◆ **What you have to do**
Return exactly the span of lines in the following data that opens with the line containing "Xiaomi Redmi Note" and closes with the line containing "VFJ Áo tắm Burkini". Include nothing else.

Data items
- Opening Delimiter -
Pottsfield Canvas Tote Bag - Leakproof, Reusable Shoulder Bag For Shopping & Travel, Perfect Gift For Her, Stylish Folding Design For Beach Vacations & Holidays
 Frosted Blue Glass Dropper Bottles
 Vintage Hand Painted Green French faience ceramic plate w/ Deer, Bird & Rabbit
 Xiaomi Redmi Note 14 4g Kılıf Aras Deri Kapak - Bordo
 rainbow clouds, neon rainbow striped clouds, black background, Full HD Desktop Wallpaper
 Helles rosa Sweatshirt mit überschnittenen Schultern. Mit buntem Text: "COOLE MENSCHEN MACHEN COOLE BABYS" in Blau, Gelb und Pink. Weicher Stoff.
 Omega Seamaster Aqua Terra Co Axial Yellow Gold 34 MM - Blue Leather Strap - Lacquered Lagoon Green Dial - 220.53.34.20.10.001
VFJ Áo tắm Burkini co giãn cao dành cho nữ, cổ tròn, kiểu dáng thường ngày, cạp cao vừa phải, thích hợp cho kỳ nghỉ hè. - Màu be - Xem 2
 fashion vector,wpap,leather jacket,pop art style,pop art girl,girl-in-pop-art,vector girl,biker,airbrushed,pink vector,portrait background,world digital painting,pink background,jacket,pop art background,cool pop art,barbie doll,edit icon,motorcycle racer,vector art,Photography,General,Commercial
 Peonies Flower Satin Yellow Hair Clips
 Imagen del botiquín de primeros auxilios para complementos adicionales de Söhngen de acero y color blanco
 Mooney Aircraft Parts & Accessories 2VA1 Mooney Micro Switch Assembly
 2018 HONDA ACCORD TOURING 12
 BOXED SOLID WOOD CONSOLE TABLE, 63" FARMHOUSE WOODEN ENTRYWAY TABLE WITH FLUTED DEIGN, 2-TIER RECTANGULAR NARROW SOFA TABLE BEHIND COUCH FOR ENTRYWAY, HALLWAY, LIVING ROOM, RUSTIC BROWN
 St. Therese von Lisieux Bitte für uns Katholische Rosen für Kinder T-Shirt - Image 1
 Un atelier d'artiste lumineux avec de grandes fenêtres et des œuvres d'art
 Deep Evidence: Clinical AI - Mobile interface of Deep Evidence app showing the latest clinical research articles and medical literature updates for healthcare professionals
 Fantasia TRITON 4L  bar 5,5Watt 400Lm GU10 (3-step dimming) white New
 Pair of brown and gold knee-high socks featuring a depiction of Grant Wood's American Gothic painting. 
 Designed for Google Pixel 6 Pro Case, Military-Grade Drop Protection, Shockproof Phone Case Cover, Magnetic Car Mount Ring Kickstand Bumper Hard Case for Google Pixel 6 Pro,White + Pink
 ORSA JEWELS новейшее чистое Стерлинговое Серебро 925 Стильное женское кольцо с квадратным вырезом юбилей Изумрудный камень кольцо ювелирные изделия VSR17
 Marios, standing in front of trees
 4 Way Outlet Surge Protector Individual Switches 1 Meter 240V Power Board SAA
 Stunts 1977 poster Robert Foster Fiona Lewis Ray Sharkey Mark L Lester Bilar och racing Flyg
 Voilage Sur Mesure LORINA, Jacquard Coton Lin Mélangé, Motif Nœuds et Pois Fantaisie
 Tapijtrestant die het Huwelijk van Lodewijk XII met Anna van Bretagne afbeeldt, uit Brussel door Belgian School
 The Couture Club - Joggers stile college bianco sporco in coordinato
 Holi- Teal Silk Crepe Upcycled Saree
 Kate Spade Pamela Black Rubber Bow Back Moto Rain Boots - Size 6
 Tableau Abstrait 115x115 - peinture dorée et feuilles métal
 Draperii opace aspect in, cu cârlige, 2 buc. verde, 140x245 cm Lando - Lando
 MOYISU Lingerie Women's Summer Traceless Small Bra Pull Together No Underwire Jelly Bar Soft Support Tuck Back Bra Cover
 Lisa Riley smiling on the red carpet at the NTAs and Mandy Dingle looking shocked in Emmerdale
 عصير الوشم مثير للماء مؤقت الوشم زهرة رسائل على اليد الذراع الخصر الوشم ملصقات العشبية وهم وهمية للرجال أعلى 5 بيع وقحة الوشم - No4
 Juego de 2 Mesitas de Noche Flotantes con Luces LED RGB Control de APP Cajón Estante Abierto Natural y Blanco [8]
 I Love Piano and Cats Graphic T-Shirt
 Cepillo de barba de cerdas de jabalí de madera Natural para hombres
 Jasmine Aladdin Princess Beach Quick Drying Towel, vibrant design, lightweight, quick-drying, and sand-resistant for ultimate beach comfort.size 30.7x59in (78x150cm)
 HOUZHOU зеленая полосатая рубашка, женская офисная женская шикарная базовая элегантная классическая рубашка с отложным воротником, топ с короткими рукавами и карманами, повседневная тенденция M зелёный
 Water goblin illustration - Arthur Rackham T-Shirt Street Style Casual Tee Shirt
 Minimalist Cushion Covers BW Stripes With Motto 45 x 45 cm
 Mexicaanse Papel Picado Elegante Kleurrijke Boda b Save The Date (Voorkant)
- Closing Delimiter -
◆ **Completed task**
 Xiaomi Redmi Note 14 4g Kılıf Aras Deri Kapak - Bordo
 rainbow clouds, neon rainbow striped clouds, black background, Full HD Desktop Wallpaper
 Helles rosa Sweatshirt mit überschnittenen Schultern. Mit buntem Text: "COOLE MENSCHEN MACHEN COOLE BABYS" in Blau, Gelb und Pink. Weicher Stoff.
 Omega Seamaster Aqua Terra Co Axial Yellow Gold 34 MM - Blue Leather Strap - Lacquered Lagoon Green Dial - 220.53.34.20.10.001
VFJ Áo tắm Burkini co giãn cao dành cho nữ, cổ tròn, kiểu dáng thường ngày, cạp cao vừa phải, thích hợp cho kỳ nghỉ hè. - Màu be - Xem 2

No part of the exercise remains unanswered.